» Task to carry out
Using the data below, output a verbatim copy of the lines between the one holding "Ring with a" and the one holding "Biały samochód osobowy", inclusive, without any pictures.

(Excerpts from a dataset)
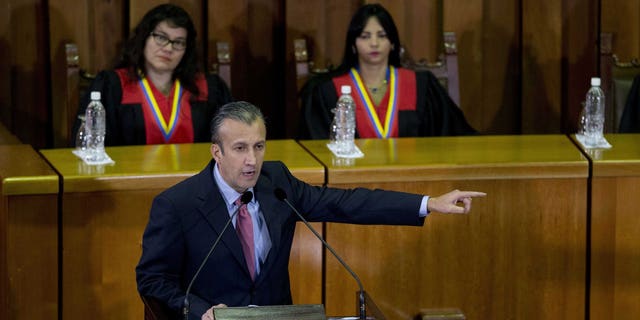 FILE - In this March 3, 2017 file photo, Venezuela's Vice President Tareck El Aissami, center, delivers his state of the nation report at the Supreme Court in Caracas, Venezuela. Charges were unsealed Friday, March 8, 2019 against the former Venezuelan vice president in New York federal court as authorities accused him of using his office to aid international drug traffickers.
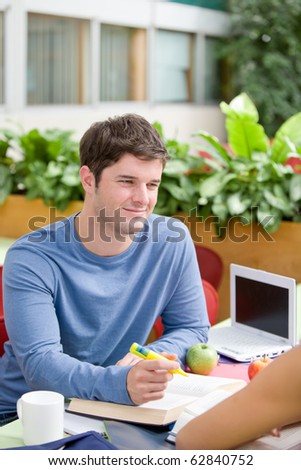 Portrait of a confident student working with his friend in the cafeteria of their university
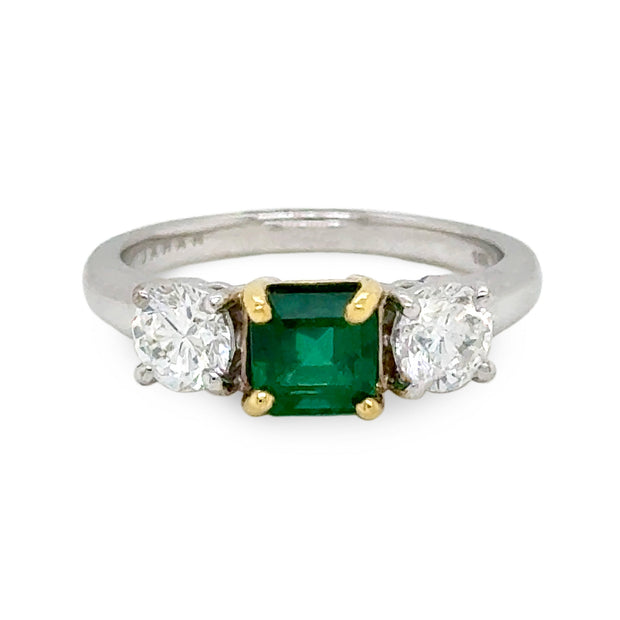 Ring with a green emerald gemstone and two diamonds on a white gold band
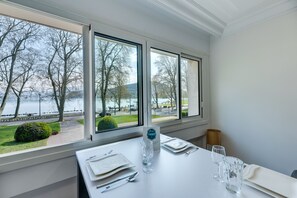 A dining table set with a water bottle, glasses, and cutlery, with a view of a lake and trees through large windows.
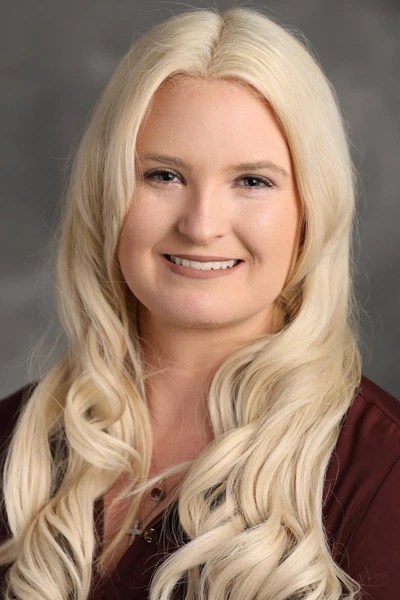 A woman with blonde hair smiling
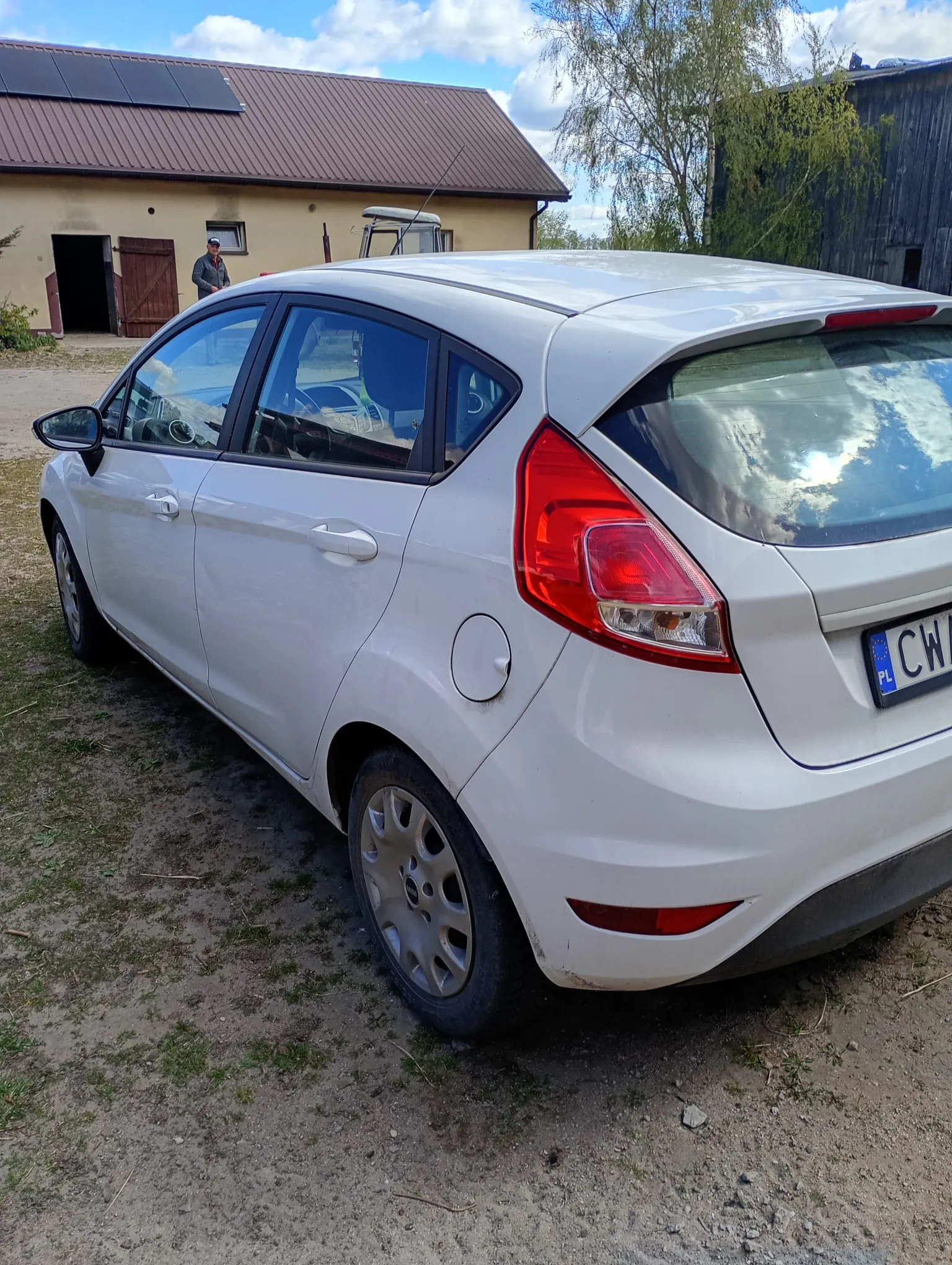 Biały samochód osobowy typu hatchback zaparkowany na podwórku z ziemią i trawą. Widoczna tylna część pojazdu z czerwonymi światłami i częściowo widoczną tablicą rejestracyjną z napisem PL CW. W tle budynek z brązowym dachem, panelami słonecznymi i otwartymi drzwiami, obok stoi osoba. Na niebie białe chmury.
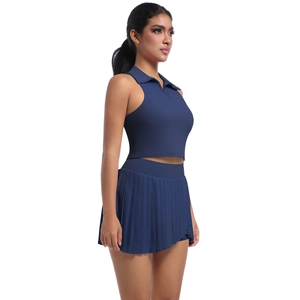 Vista laterale del set sportivo blu scuro con top senza maniche e minigonna a pieghe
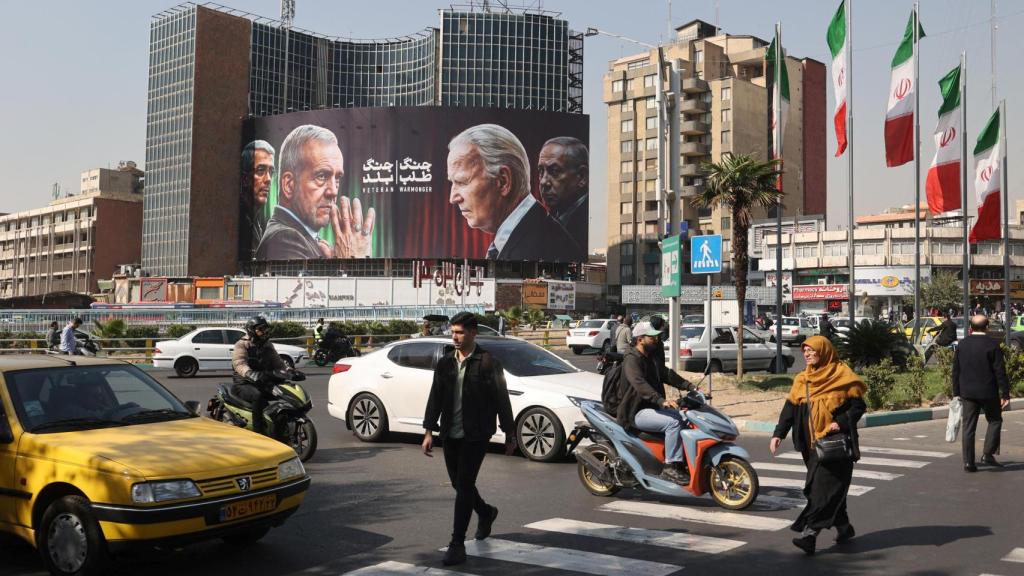 Los iraníes caminan junto a un cartel anti-estadounidense e israelí en Teherán, Irán.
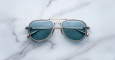 A pair of Jacques Marie Mage Cougar aviator sunglasses with blue lenses and silver frames rests on a white marble surface.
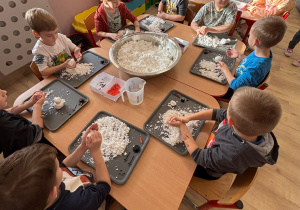 Dzieci lepią bałwany, rączki pracują.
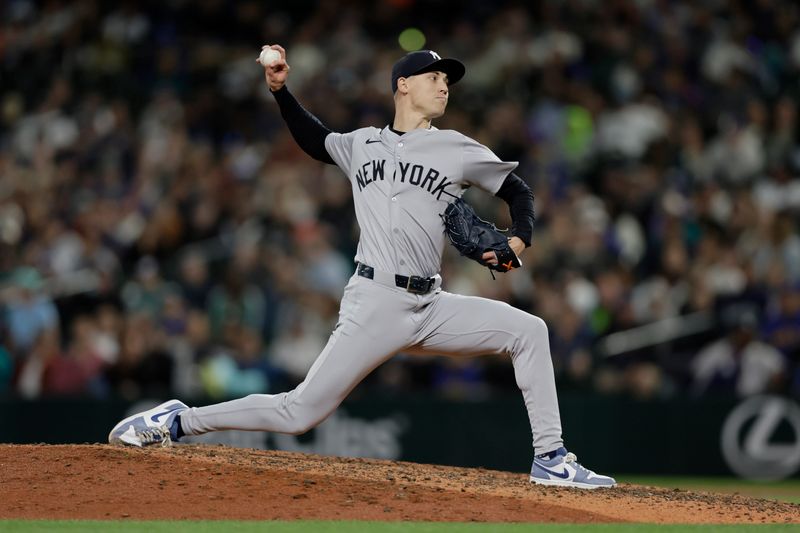 Sep 18, 2024; Seattle, Washington, USA; New York Yankees pitcher Luke Weaver (30) throws against the Seattle Mariners during the eighth inning at T-Mobile Park. Mandatory Credit: John Froschauer-Imagn Images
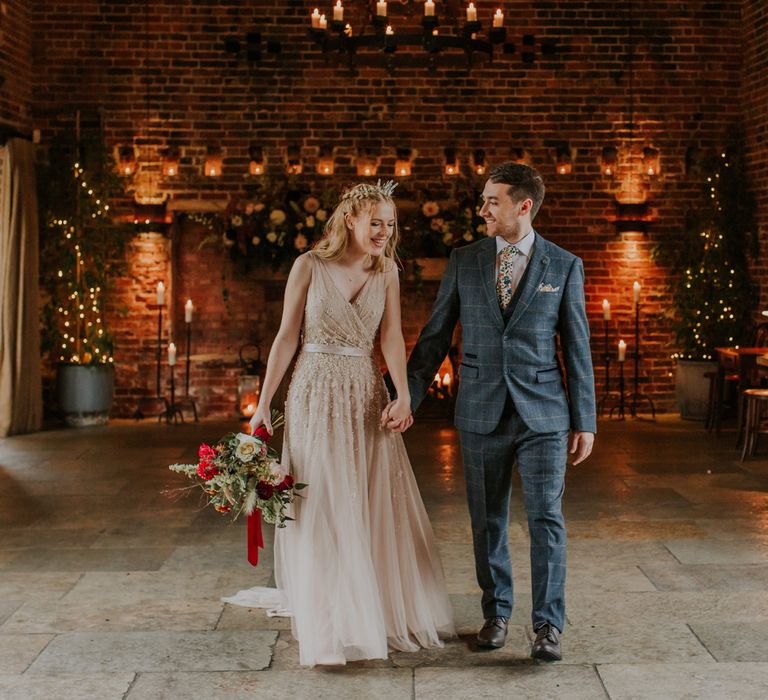 Bride in a blush coloured wedding dress and crown holding hands with her groom in a grey checked suit in the main reception room at Hazel Gap Barn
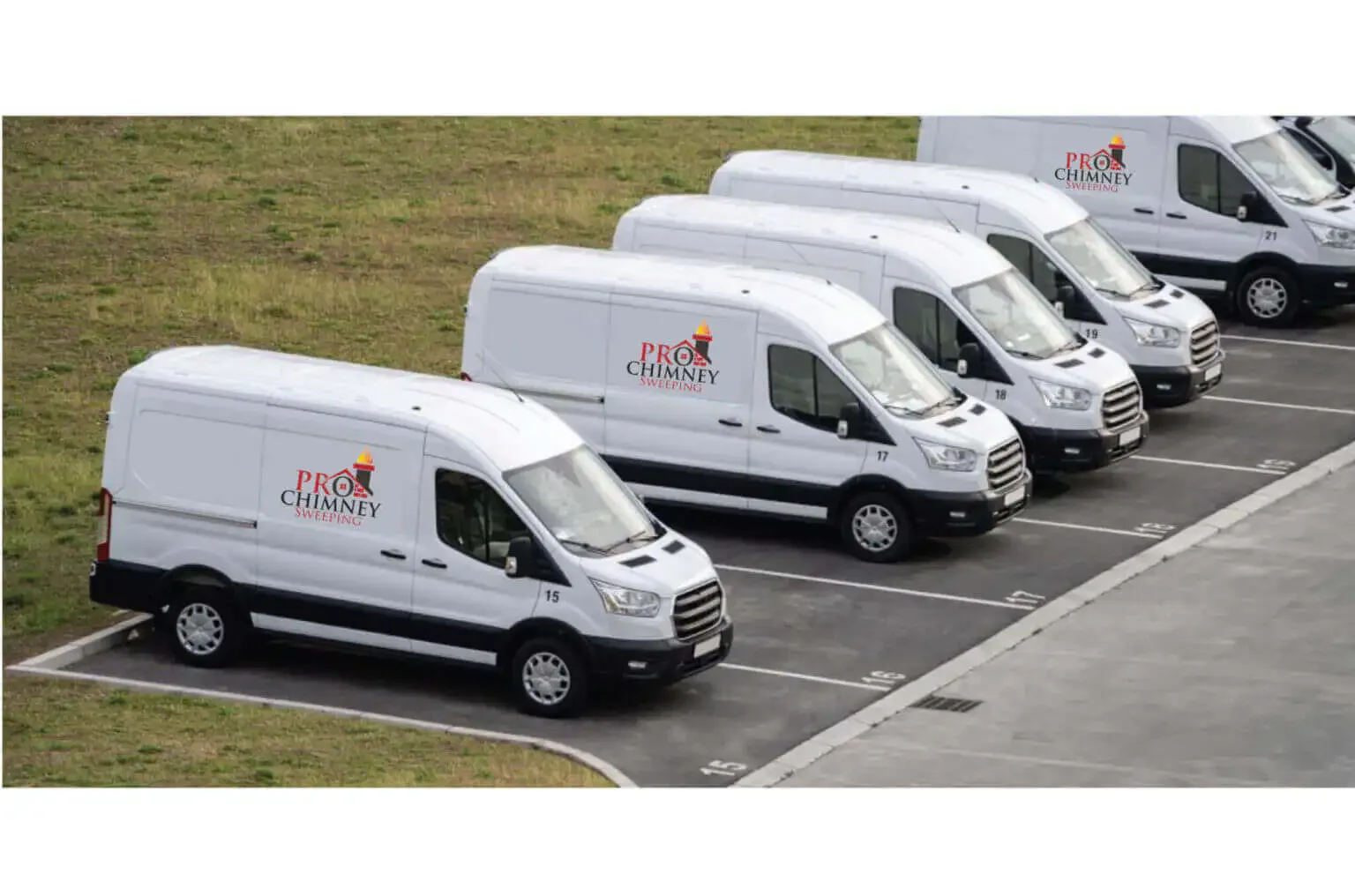 Four white Pro Chimney Sweeping service vans lined up in a parking lot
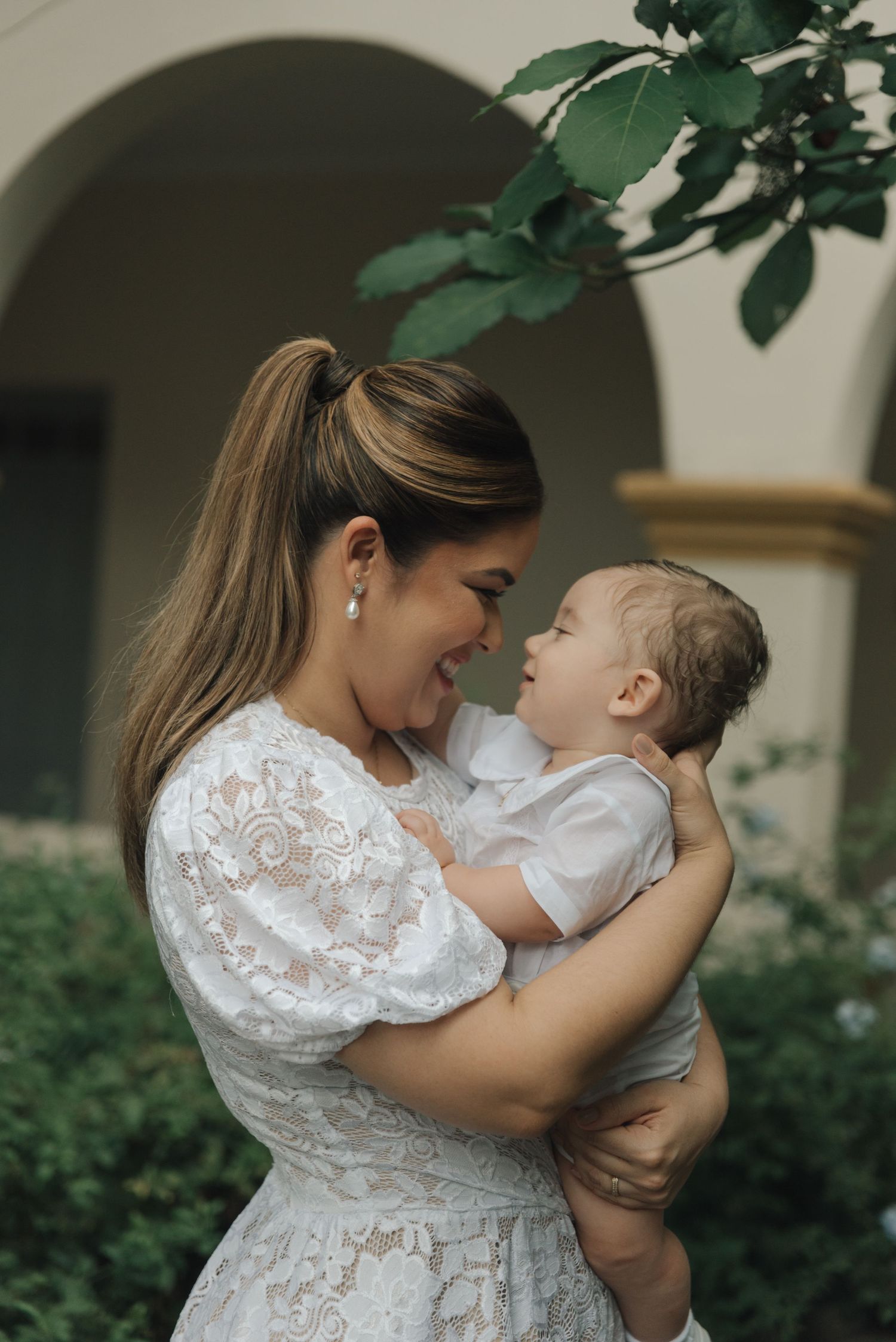 A tender moment captured between two people in a garden setting with lush greenery in the background.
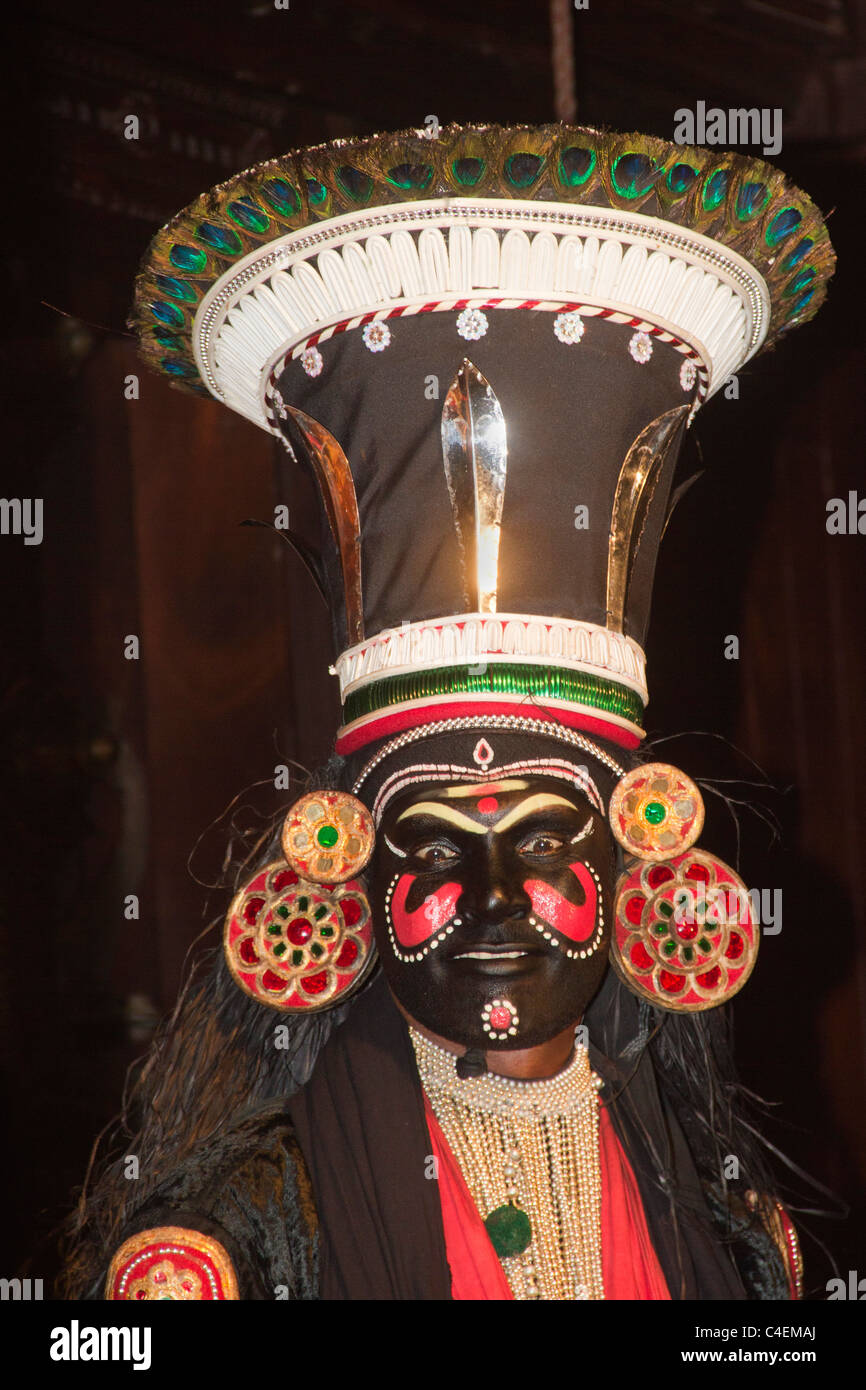 Acteur dans un miroir dans un Kathkali danse classique-drame avec couleur de fond montrant qu'il est un démon.Kerala, Inde Banque D'Images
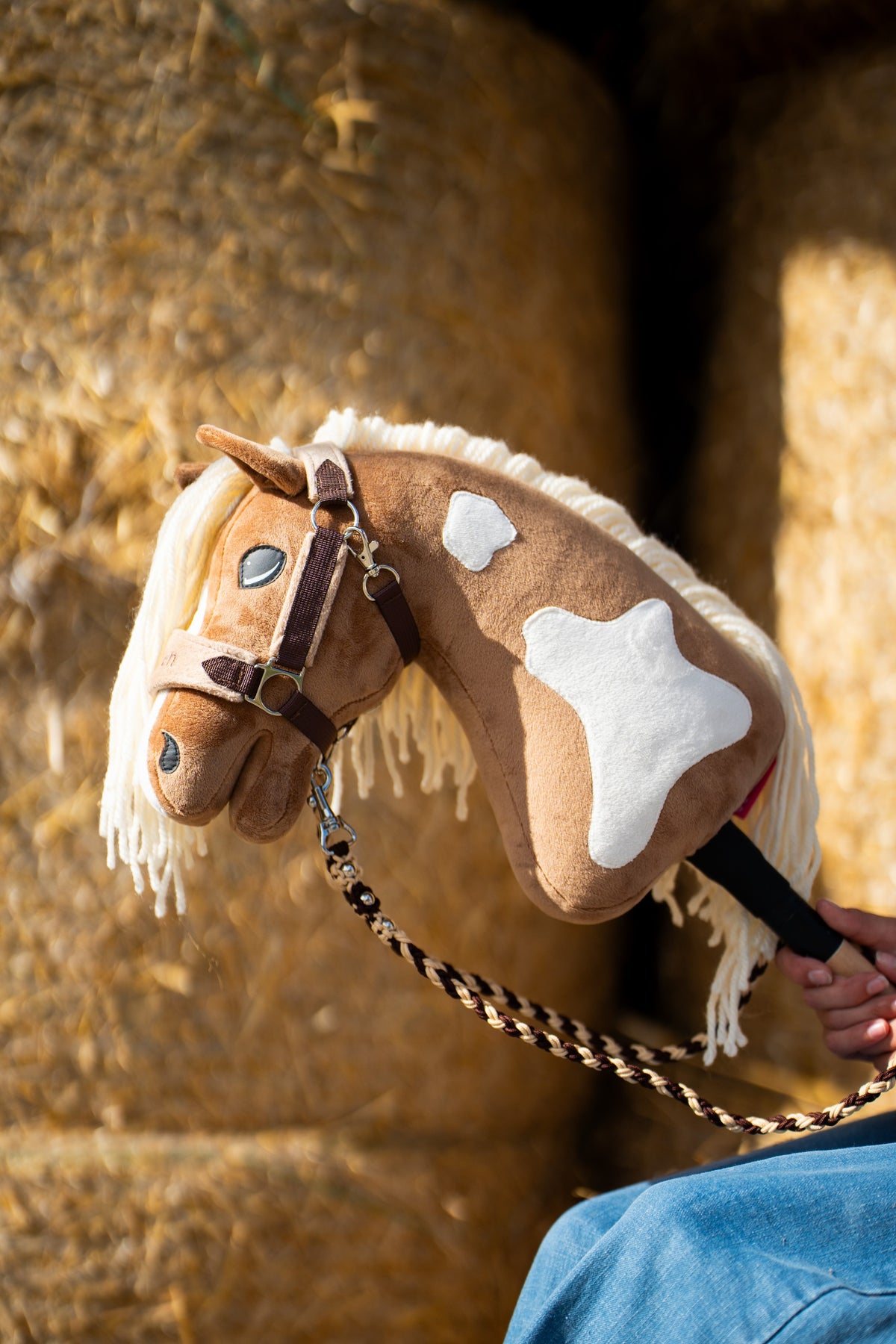 Hobby Horse Lead Rope Bloom Brown attached to a brown Hobby Horse beside straw bales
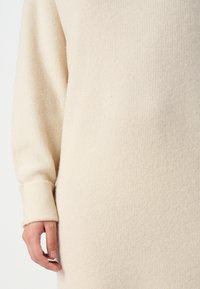 Mano che indossa un maglione a costine beige con polsino ripiegato, appoggiata accanto al torso su uno sfondo bianco.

» Exercise response
 Ring with a green emerald gemstone and two diamonds on a white gold band
 A dining table set with a water bottle, glasses, and cutlery, with a view of a lake and trees through large windows.
 A woman with blonde hair smiling
 Biały samochód osobowy typu hatchback zaparkowany na podwórku z ziemią i trawą. Widoczna tylna część pojazdu z czerwonymi światłami i częściowo widoczną tablicą rejestracyjną z napisem PL CW. W tle budynek z brązowym dachem, panelami słonecznymi i otwartymi drzwiami, obok stoi osoba. Na niebie białe chmury.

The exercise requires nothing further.